Together with its companion The Hound of the Baskervilles, The Sign of Four was first broadcast in the USA in December 1983 on the pay-tv channel HBO and only much later in the UK on ITV's competitor Channel 4. Because the Granada series with Jeremy Brett had already aired by that time in England, it failed to make much of an impression and the American audience was likewise not particularly impressed. In Germany, both movies had been licensed and dubbed by the ZDF, whose first broadcasts at the end of the 1980s even included the original soundtrack alongside the dub in multichannel mode.

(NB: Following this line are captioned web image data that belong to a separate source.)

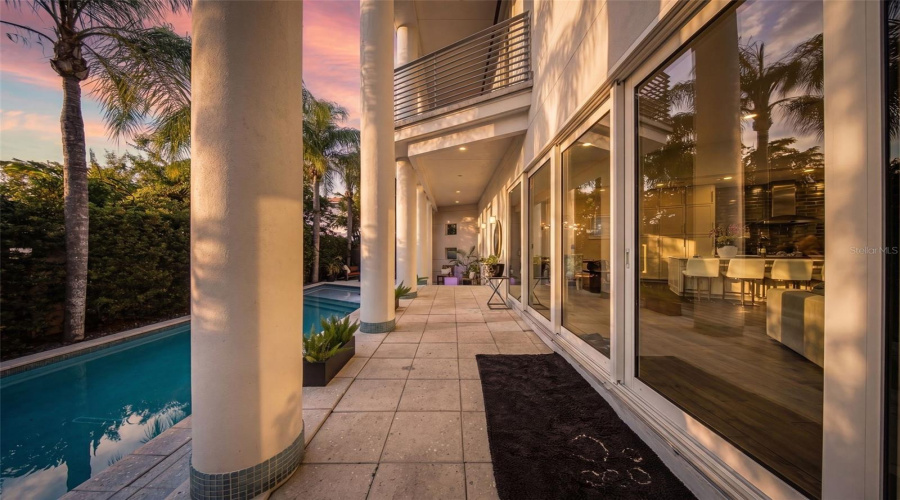 Tampa, Florida 33611, 6 Bedroom Bedrooms, ,4 Bathroombathrooms,Residential,For Sale,Trilby,0,Mfrtb8513157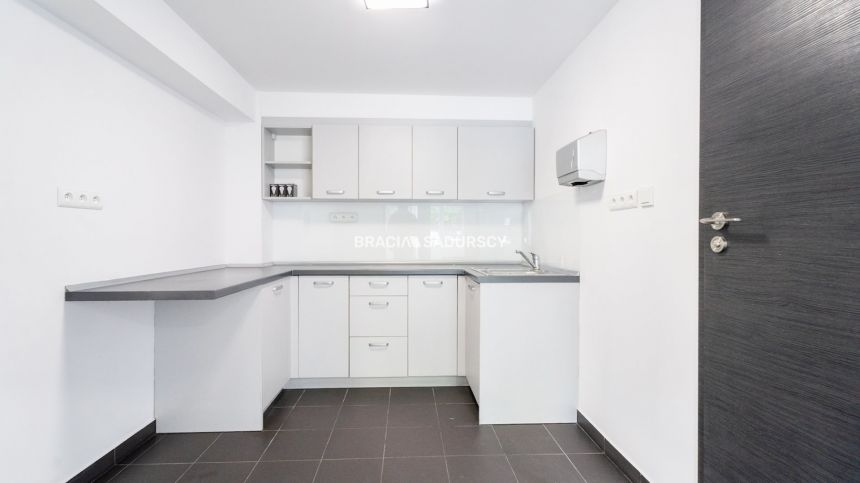Nowy lokal 186 m² na parterze – Aleja Pokoju miniaturka 19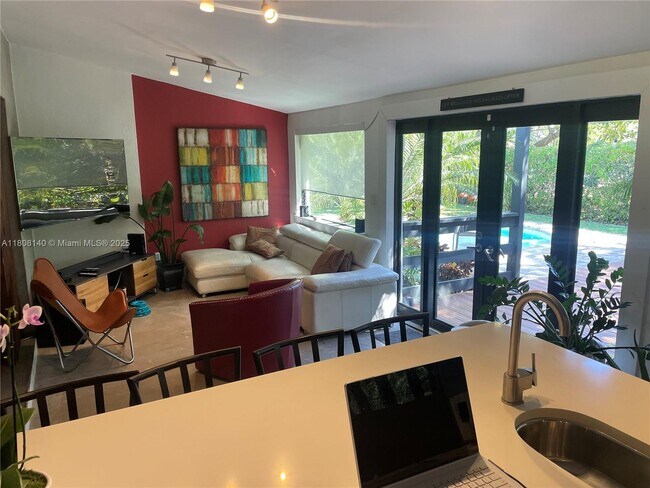 Foto del edificio - 5760 SW 56th St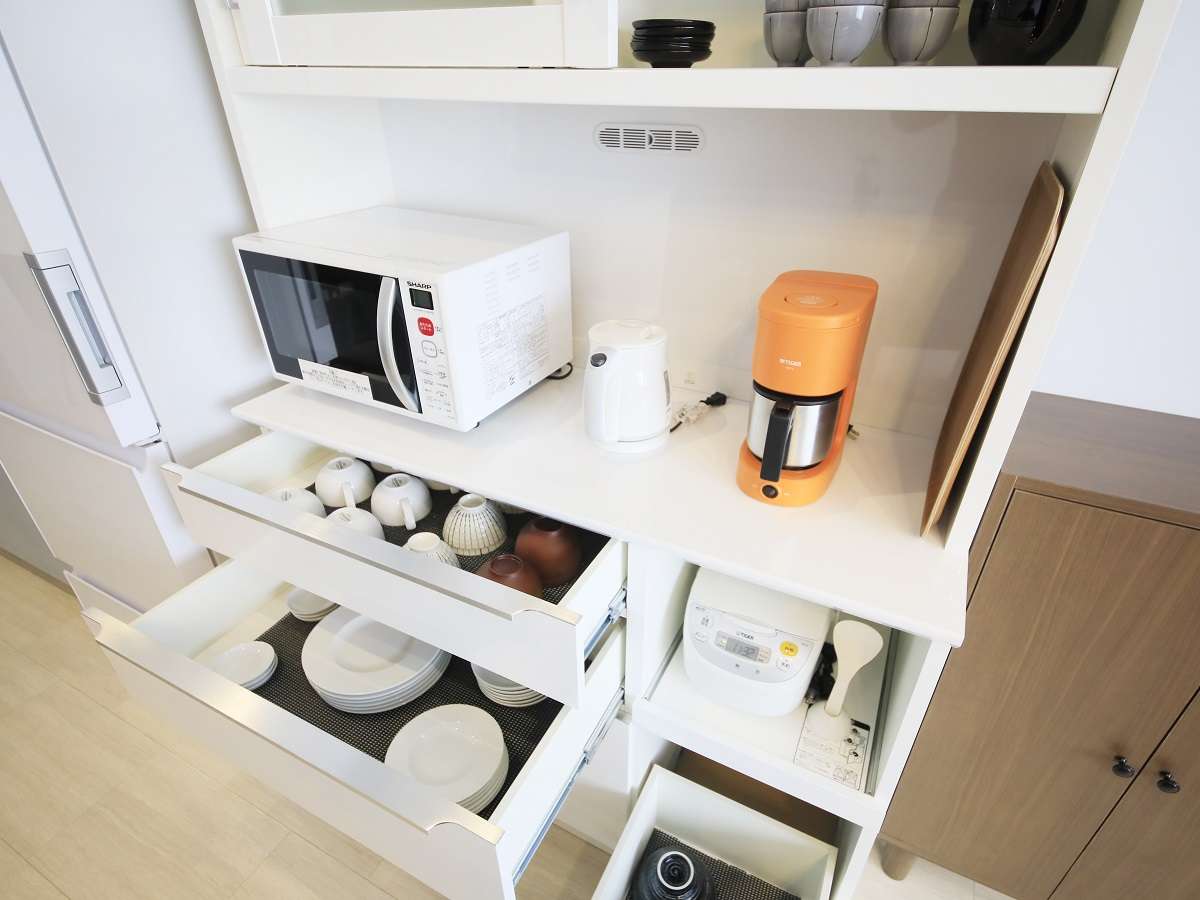[ペット可・デラックスルーム]基本の調理器具はしっかりと揃っております。※コーヒーメーカーは有料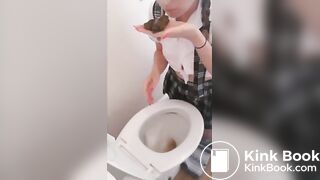 "schoolgirl" shits in toilet and rubs it on herself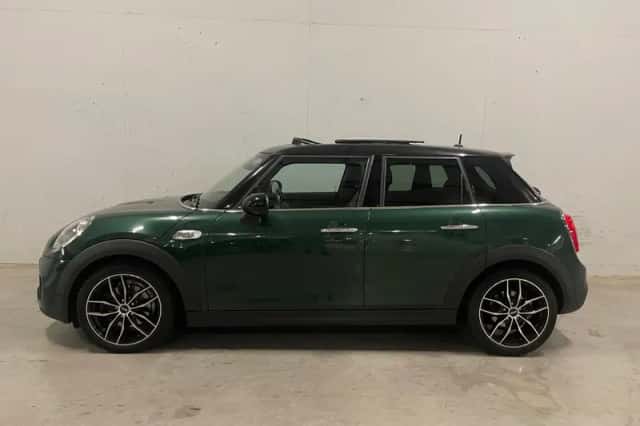 MINI Cooper S (2015) thumbnail 2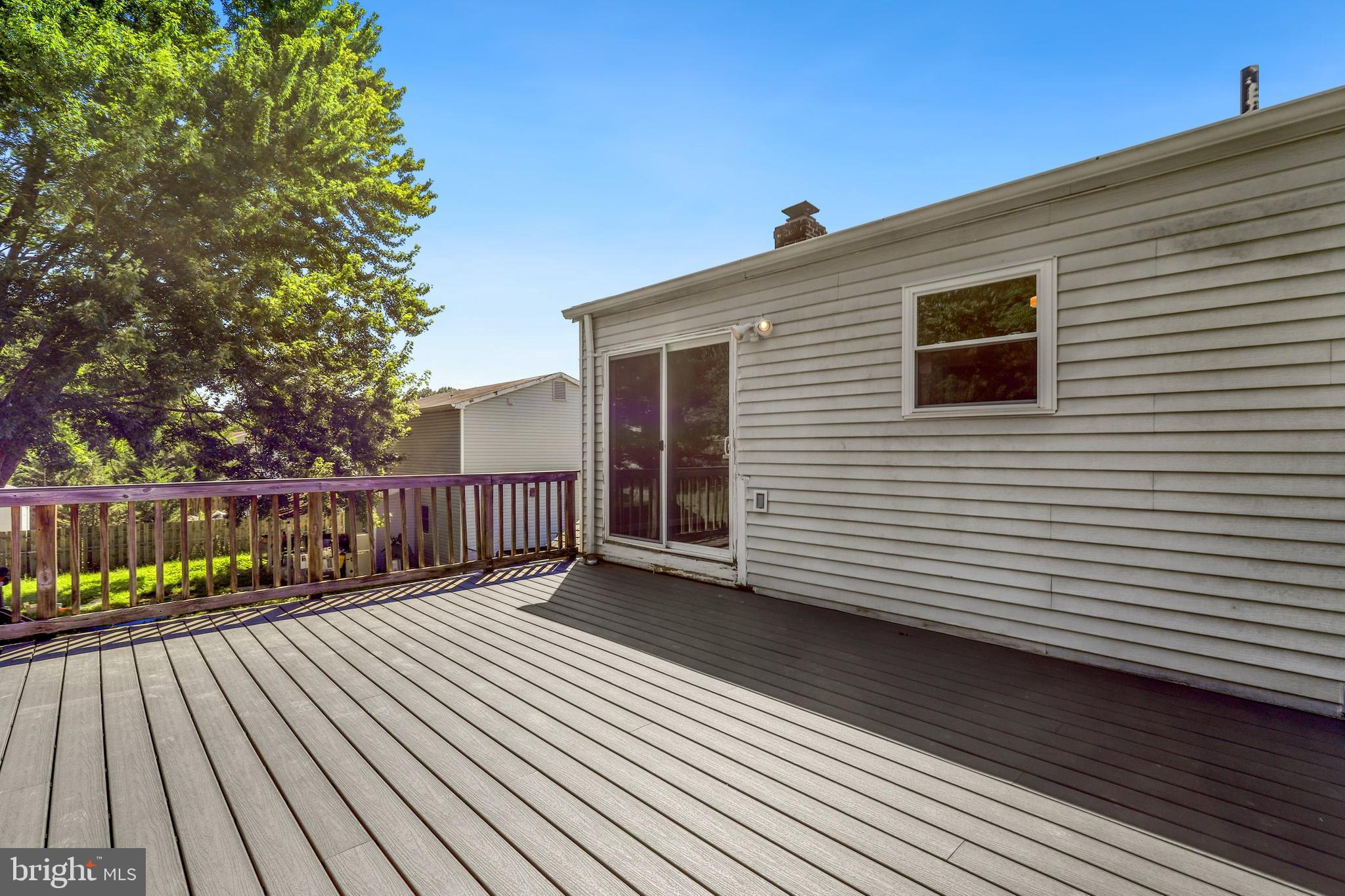 14318 Lindendale Road Woodbridge, VA 22193 - Photo 30 of 35
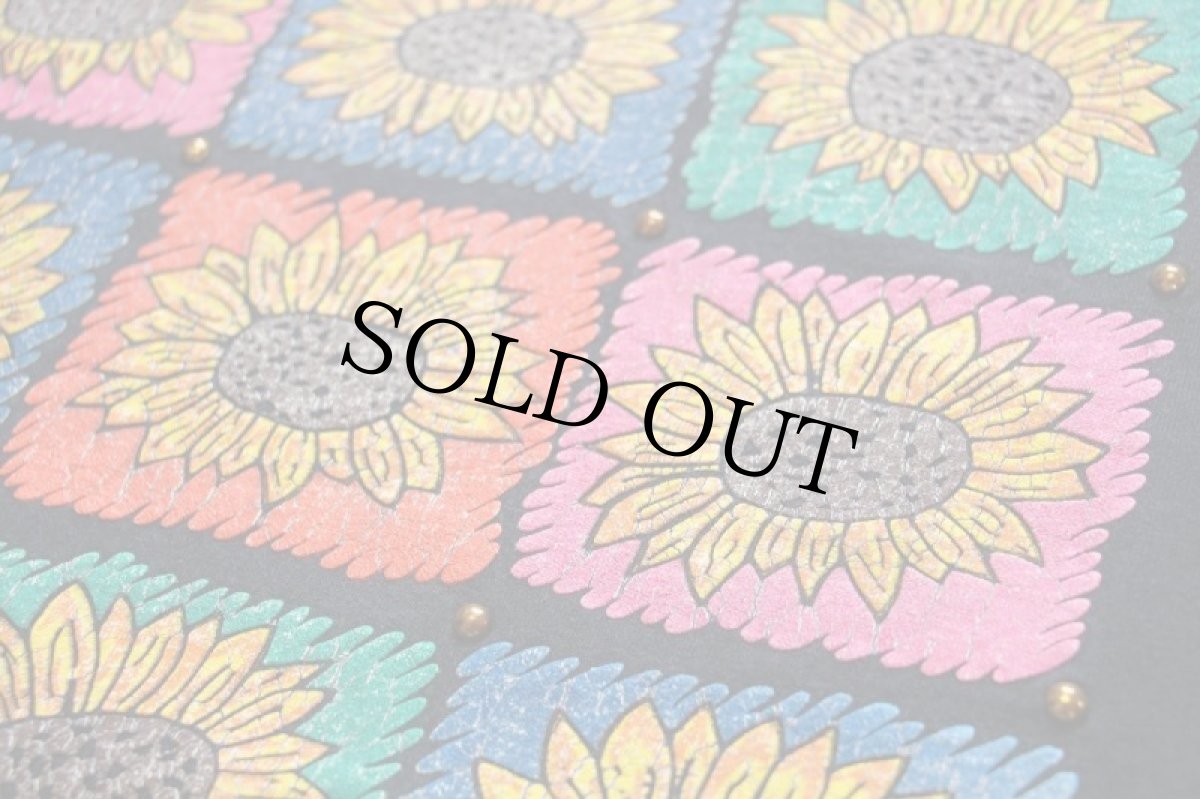 画像5: 90s ひまわり アート 発泡プリント リベット付き コットンTシャツ 黒 (5)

In the end, the appearance of Ian Richardson as Sherlock Holmes, who had sadly died in 2007 at the age of only 72, was only short-lived because the producers Sy Weintraub and Otto Plaschkes had chosen to rather take the settlement money from their lawsuit with Granada than continuing their own series, which would have to work hard against the British competition. It would have been interesting to see how other stories were filmed in this series, but Granada's takeover with Jeremy Brett was exactly the right thing to happen.
The Ian Richardson incarnations of The Sign of Four and The Hound of the Baskervilles had already been released on DVD in the USA and England in 2000 and while the British release reviewed in this article seems to be out of print, it might be worth tracking down instead of the overpriced US disc. Despite being a low-budget release from an unknown studio, image and sound are acceptable, if not perfect on this disc, but certainly watchable. There are numerous releases in Germany, some of which do not contain the original soundtrack and even one Blu-Ray which was upconverted from and old analogue videotape, so these are best avoided in favour of this British disc.
Although this DVD seems to be a low budget production from a license dealer, the image quality is not as bad as expected. According to the british rights owner Zia Films the movie was remastered in 1999, so that this DVD does not contain an old video master from the 1980s, but an at least somewhat newer transfer of the 35mm material.
The film sources were not completely clean and sometimes exhibit dropouts in the form of white and black dust and dirt, but has otherwise no other noticeable damages and looks surprisingly clean. For a 35mm production, sharpness is not the best, but this is probably caused by the older transfer equipment. Detail is, however, still on an acceptable level for a digital transfer and there is still a healthy amount of film grain visible. No additional sharpening has been applied, which also causes the transfer to appear slightly soft.
The image is not always completely rock steady, but there is no problematic wobbling or shaking at all. The colour timing is excellent, looking very natural, if sometimes a bit subdued like the Granada series, but not faded at all and very accudate on skin colours. Brighness and contrast are well-balanced too and even the compression is faultless, using an average bitrate of more than 5 mbit/s, causing no problems at all.
It may not be the best-looking DVD, but considering how terrible the earlier television broadcasts of the movie once looked, this transfer is still more than acceptable and certainly does the movie justice.